Data processed by the query:

Total size of data scanned is 1 megabytes, total size of data moved is 1 megabytes, total size of data written is 0 megabytes.

We can also create a Lake database and configure default settings like a file path and a format. You can find these settings in Synapse Workspace.

Now we can execute the script that will transform data and create a table in the new database and save data in the data lake.

%%pyspark
from pyspark.sql.functions import *
df = spark.read.load('abfss://raw@xxx.dfs.core.windows.net/stocks/prices/', format='csv'
## If header exists uncomment line below
, header=True
)
 
df = df.select(
    col("Spolka").alias("company"),
    col("Waluta").alias("currency"),
    col("C_otw").alias("open"),
    col("C_max").alias("max"),
    col("C_min").alias("min"),
    col("Cena zamknięcia").alias("close"),
    col("Data").alias("date")
    )
display(df.limit(5))
 
df.write.saveAsTable("fin.prices")

When you execute the script, you should see the new table in Synapse Workspace like in the screen below.

Spark table types in SQL

As presented, Apache Spark allows you to create two main types of tables that Azure Synapse exposes in SQL automatically:

  1. Managed   Spark manages both the data and the metadata. These files are normally held in the warehouse directory, where managed table data is stored.
  2. External – Spark only manages the metadata, but requires you to specify the exact path where you want to store information. Spark also provides ways to create external tables over existing data. 

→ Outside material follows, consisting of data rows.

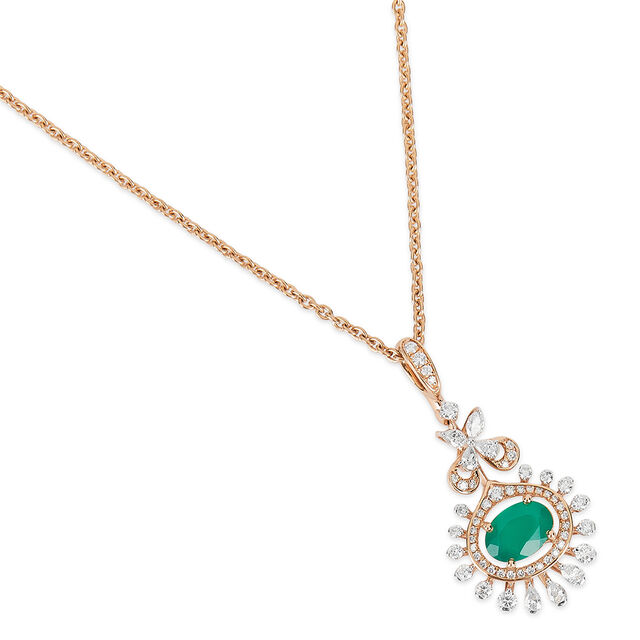 Tanishq 18KT Diamond Pendant with Chain for Women 4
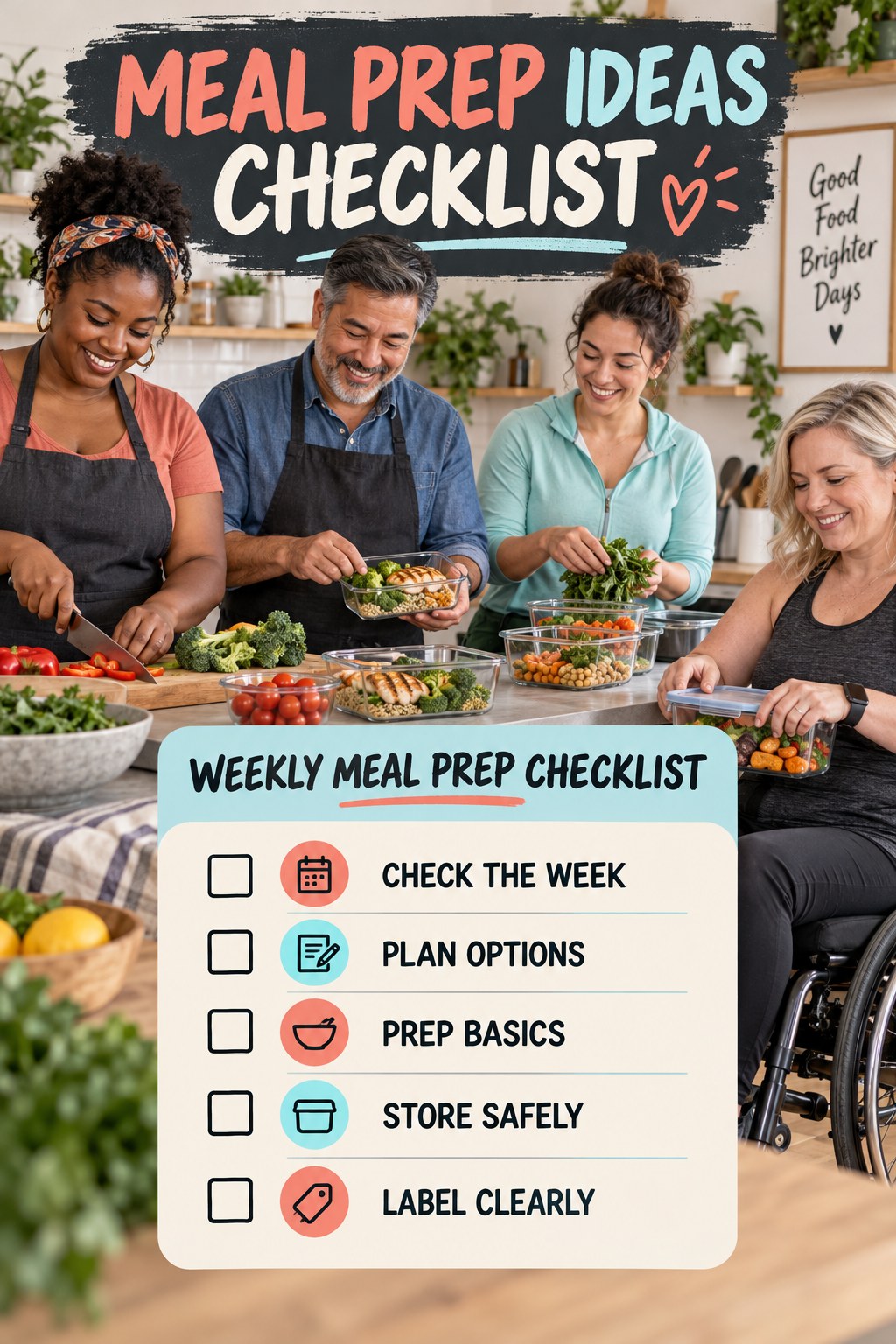 Meal Prep Ideas checklist graphic titled Weekly Meal Prep Checklist with five clear practical wellness items.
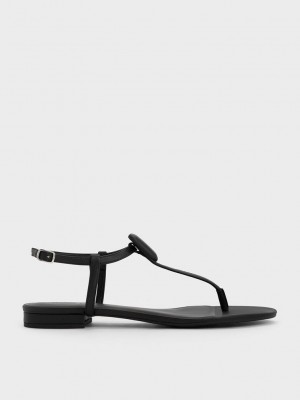 Charles & Keith Koa Tanga Sandals Schwarz | XNSR36807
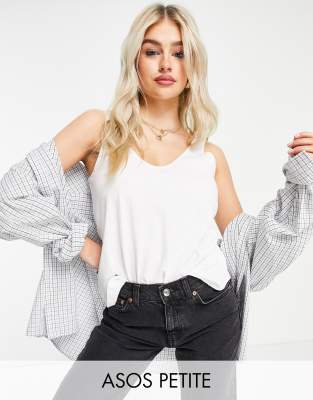 фото Белая майка из органического хлопка с овальным вырезом asos design petite ultimate-белый asos petite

To observe main differences, you can drop booth tables:

  1. Dropping a managed table, Spark will delete both files in the data lake and the table metadata in the meta-store.
  2. Dropping an external table, Spark will just delete the metadata. It means that you won’t be able to query the table, but you will find your files in your data lake. 

An alternative way to create tables is to use SparkSql.

The External table

%%pyspark
df = spark.read.load('abfss://raw@xxx.dfs.core.windows.net/stocks/stocks/', format='csv'
, header=True
)
df.createOrReplaceTempView("stocks_raw")

%%sql
CREATE TABLE stocks_2
USING Parquet
LOCATION 'abfss://silver@xxx.dfs.core.windows.net/stocks_2/' 
    AS 
SELECT ticker, item, quarter, cast(value as integer) value
FROM stocks_raw

The Manage table

%%pyspark
df = spark.read.load('abfss://raw@xxx.dfs.core.windows.net/stocks/stocks/', format='csv'
, header=True
)
df.createOrReplaceTempView("stocks_raw")

%%sql
CREATE TABLE fin.stocks
AS 
SELECT ticker, item, quarter, cast(value as integer) value
 
FROM stocks_raw

You can list tables in the lake database also using commands like below:

Summary

The Lake database is a convenient way to process and analyze data for an end-user. By creating descriptive metadata on top of your data lake, Lake Database organizes your files into tables and databases. This enables users to query objects that they are interested in without having to navigate through the data lake structure. Thanks to the integration with Apache Spark you maintain your metadata during the ingestion process, and you don’t need to create views or additional external tables like in the SQL database.